The unit should be tested at least once a year for the proper operation as follows:

Output Voltage Test:
Under normal load conditions, the DC output voltage should be checked for proper voltage level.
Battery Test:
Under normal load, conditions check that the battery is fully charged, and check the specified voltage both at the battery terminal and at the board terminals marked [– BAT +] to ensure that there is no break in the battery connection wires.
Note:
The expected battery life is 5 years; however, it is recommended to change batteries in 4 years or less if needed.

Test operation of the unit as follows:
Ground fault test:
Directly short one leg of the circuit to chassis ground. The ground fault and trouble fault should be indicated.
NAC open circuit test:
Remove the EOL resistor from the last device on the circuit. Open trouble should be indicated.

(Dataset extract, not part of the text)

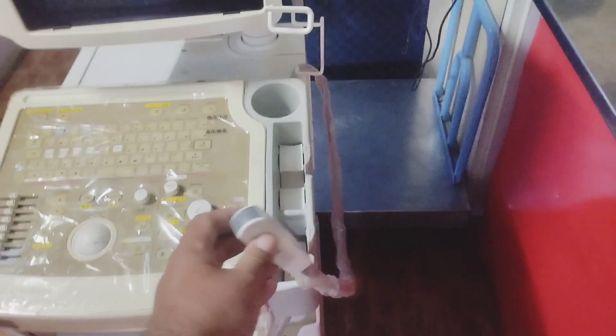We have two probes with this machine. We have a Micro Convex probe, and we have one more probe — two probes in total.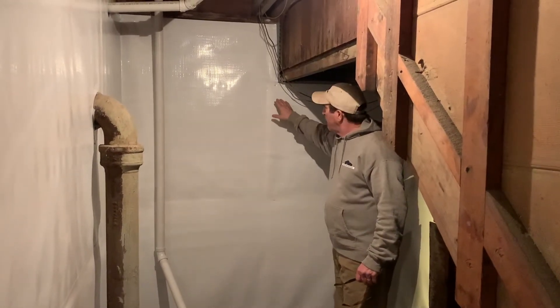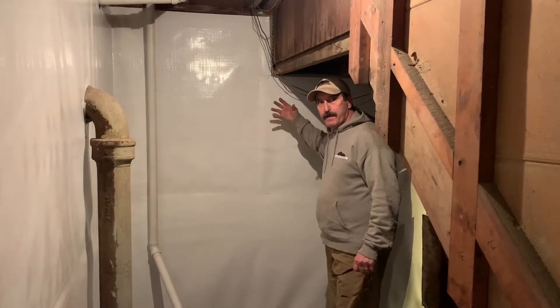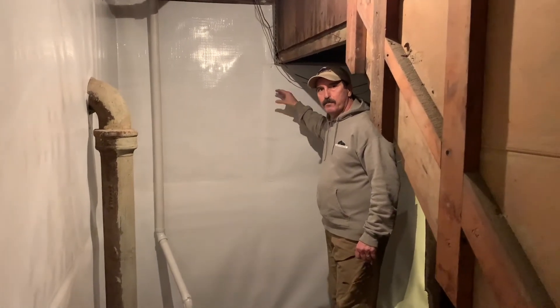We dug down and used a rubber membrane to protect from water even hitting the face of the house, so we did a little exterior waterproofing right there.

NAC short circuit test: Place a short across each NAC output individually. NAC short should be indicated.
Disconnect Battery: BAT trouble should be indicated.
Reset Trouble Memory.

FireSwitch User Interface and Programming via Ethernet Port:
Note: The service person must be present on-site to confirm changes by holding the “down” position of the joystick.
Step 1.
Set Local Area Connection of your laptop to DHCP mode.

For Windows XP:
a. Open Network Connections by clicking the Start button, then clicking Settings, then clicking Network Connections.
b. Right-click the Local Area Connection. Click Properties. Administrator permission required If you are prompted for an administrator password or confirmation, type the password or provide confirmation.
c. Double-click click the Internet Protocol (TCP/IP) menu item.
d. Choose the Obtain an IP address automatically option.
e. Click OK. Close all windows.

For Windows Vista:
a. Open Network Connections by clicking the Start button Picture of the Start button, clicking Control Panel, clicking Network and Internet, clicking Network and Sharing Center, and then clicking Manage Network Connections.
b. Right-click the Local Area Connection. Click Properties. Administrator permission required If you are prompted for an administrator password or confirmation, type the password or provide confirmation.
c. Click the Networking tab. Under this connection uses the following items, click either Internet Protocol Version 4 (TCP/IPv4) or Internet Protocol Version 6 (TCP/IPv6), and then click Properties.
d. To specify IPv4 IP address settings, click Obtain an IP address automatically, and then click OK.
e. To specify IPv6 IP address settings, click Obtain an IPv6 address automatically, and then click OK.

For Windows 7:
a. Open Network Connections by clicking the Start button Picture of the Start button, clicking Control Panel, clicking Network and Internet, clicking Network and Sharing Center, and then clicking Change Adapter Settings.
b. Right-click the Local Area Connection. Click Properties. Administrator permission is required. If you are prompted for an administrator password or confirmation, type the password or provide confirmation.
c. Click the Networking tab. Under this connection uses the following items, click either Internet Protocol Version 4 (TCP/IPv4) or Internet Protocol Version 6 (TCP/IPv6), and then click Properties.
d. To specify IPv4 IP address settings, click Obtain an IP address automatically, and then click OK.
e. To specify IPv6 IP address settings, click Obtain an IPv6 address automatically, and then click OK.

Step 2.
Connect a laptop or PC to the Ethernet port of your FireSwitch unit.
The FireSwitch unit should be powered up at this moment.
Step 3.
Open a browser window (it is necessary to update your browser software to the latest version so that the pages display and function correctly).
Step 4.
Enter the IP address (the default IP address is 192.168.168.168) into the address bar. The status page will be displayed.
Step 5.
Click the Setup link. You will be prompted for an administrative password, type and submit the password (the default password is “11111111”). The setup page will be displayed. You may now program your FireSwitch.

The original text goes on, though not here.